Britânicos propõem taxar sal e açúcar em alimentos

O governo britânico está analisando a possibilidade de cobrar impostos sobre sal e açúcar como forma de melhorar a qualidade da comida consumida no país. A proposta consta de um relatório independente encomendado pelo próprio governo e apresentado pelo empresário Henry Dimbleby, principal membro não executivo do conselho do Departamento de Meio Ambiente, Alimentos e Assuntos Rurais.

Intitulado Estratégia Nacional de Alimentos, o estudo propõe uma reforma no sistema alimentar do Reino Unido para proteger o Sistema Nacional de Saúde, melhorar a saúde do povo e defender o meio ambiente. Cofundador da rede de fast food Leon e da Associação de Restaurantes Sustentáveis, Dimbleby afirmou que o objetivo da medida é incentivar modificações na fórmula dos alimentos para reduzir a quantidade de açúcar e sal.

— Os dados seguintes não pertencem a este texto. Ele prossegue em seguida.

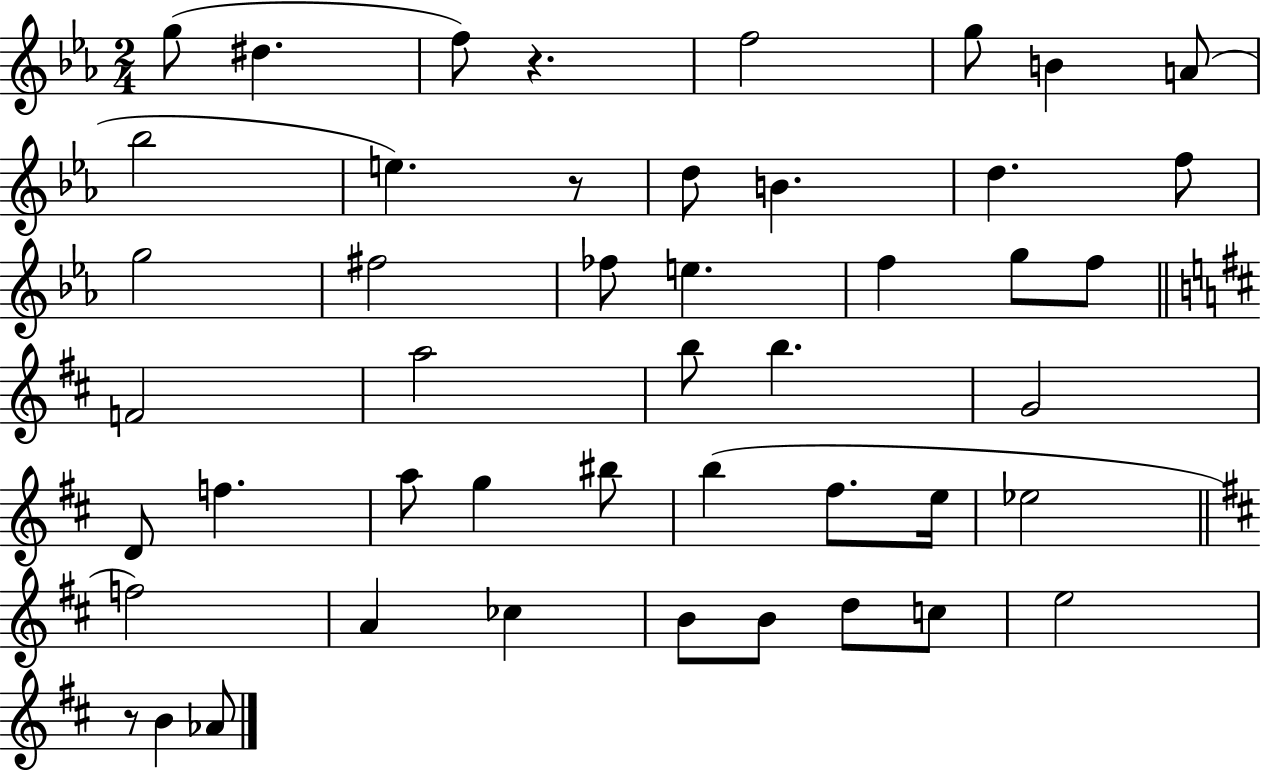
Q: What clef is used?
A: treble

O relatório recomenda taxar três libras esterlinas (aproximadamente R$ 21) por quilo de açúcar e seis libras (R$ 42) por quilo de sal vendidos no atacado a produtores de alimentos, restaurantes e serviços de catering. O dinheiro obtido seria usado para ampliar o número de refeições escolares gratuitas e melhorar a dieta de famílias de baixa renda.

O primeiro-ministro Boris Johnson disse não se sentir atraído a cobrar impostos a mais, mas acrescentou que estudará o relatório e prometeu dentro de seis meses apresentar uma resposta com propostas para futuras leis.

 

OBESIDADE CONTRIBUI PARA ÍNDICE DE MORTALIDADE ELEVADO

“A única maneira de quebrar o ciclo de junk food criado pela interação entre o nosso apetite e os interesses comerciais das empresas é aumentando os impostos sobre sal e açúcar de modo a forçar as empresas a modificar suas fórmulas”, disse Dimbleby à BBC.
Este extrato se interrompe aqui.